An example of this sort of text, one that may contain clues to the history of Homeric epic performance, is the “Bankes Homer” (= P. Lond. Lit. 28). This papyrus, dating from the 2ndcentury CE, is one of the best preserved and longest Homeric papyri that has been discovered, preserving 677 verses from Book 24 of the Iliad (lines 127-804). One of its unique features, besides its length, is the markings that are present above nearly every line of text. These appear to be diacritical markings (accents, breathings, and diareses), metrical markings, punctuation, and symbols for various scholia, which indicate a sort of organization of the text. Scholars have hypothesized that these markings are more than just reading or pronunciation guides, and in fact they are also performance markings (Nagy 2009: 146; Parsons 2011: 21-22); but no scholar to date has made an extensive study of the text and its markings, and the only critical edition (the editio princeps) is nearly two centuries old (Lewis 1832).

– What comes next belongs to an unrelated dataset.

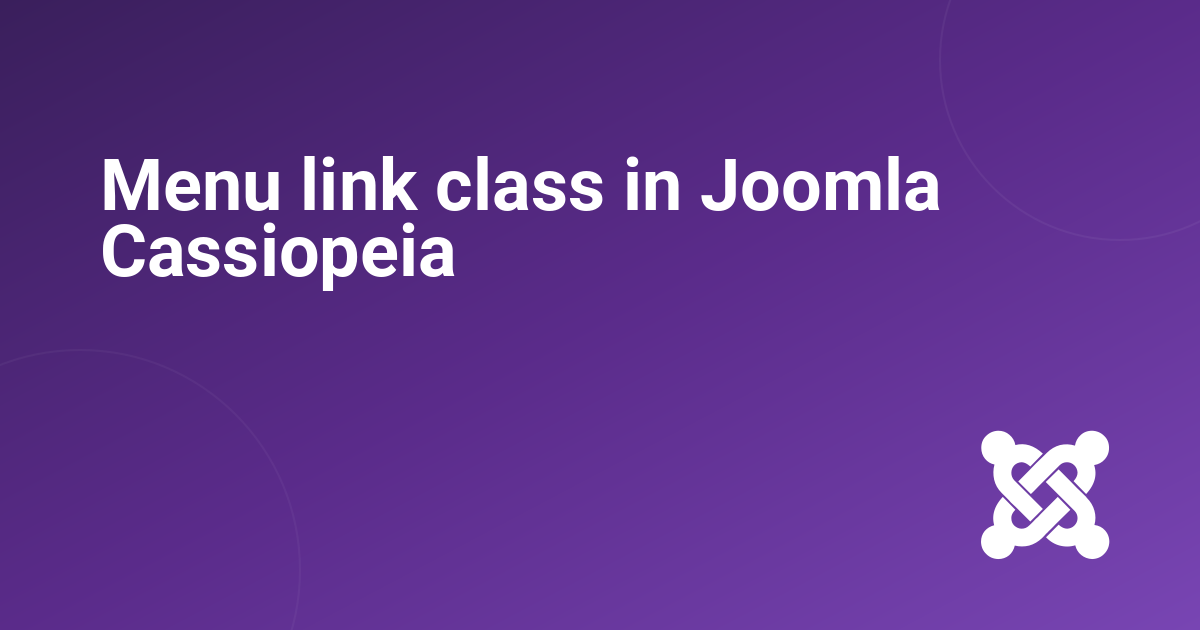 Menu link class in Joomla Cassiopeia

This paper introduces a new, diplomatic transcription of the Bankes Homer, which I completed in 2019, and presents an analysis of the markings in the Bankes Homer as a whole. The goal is to use the system of accentuation employed in this papyrus to learn about the history of Homeric performance at the time of the papyrus’s creation. My analysis of the Bankes Homer, when compared with the Allen’s OCT (1920) and editio maior (1931) and West’s Teubner (2001), reveals striking discrepancies in accentuation systems. For example, grave and circumflex accents are written above syllables that any modern student of Ancient Greek “knows” should never carry a grave or circumflex. The noun φρεσι is accented with a grave accent on the penult, φρὲσι, four times at lines 9, 26, 45, and 71(= Allen’s lines 135, 152, 171 and 197); and circumflex accents appear over the letter ε at lines 100 and 127 (= Il. 24.226 and 253) and over ο at line 348 (= Il. 24.474). Conversely, many words and phrases are not accented at all, as in the common formula ως εφατο (“so he/she said”). Elsewhere, circumflex or grave accents appear on the last syllable of a verse, suggesting a relationship between the accentuation and the verse structure. I build upon Nagy’s hypothesis that the diacritical markings in the Bankes Homer papyrus reveal a pre-Byzantine system of accentuation in which accents mark phrases. Through the analysis of the full text of the Bankes Homer I am able to conclude that the diacritical markings in the Bankes Homer function in a different capacity than the accents that are included in Greek editions of the texts today. In turn, this leads to questions about their function, what can the patterns that are observed show us?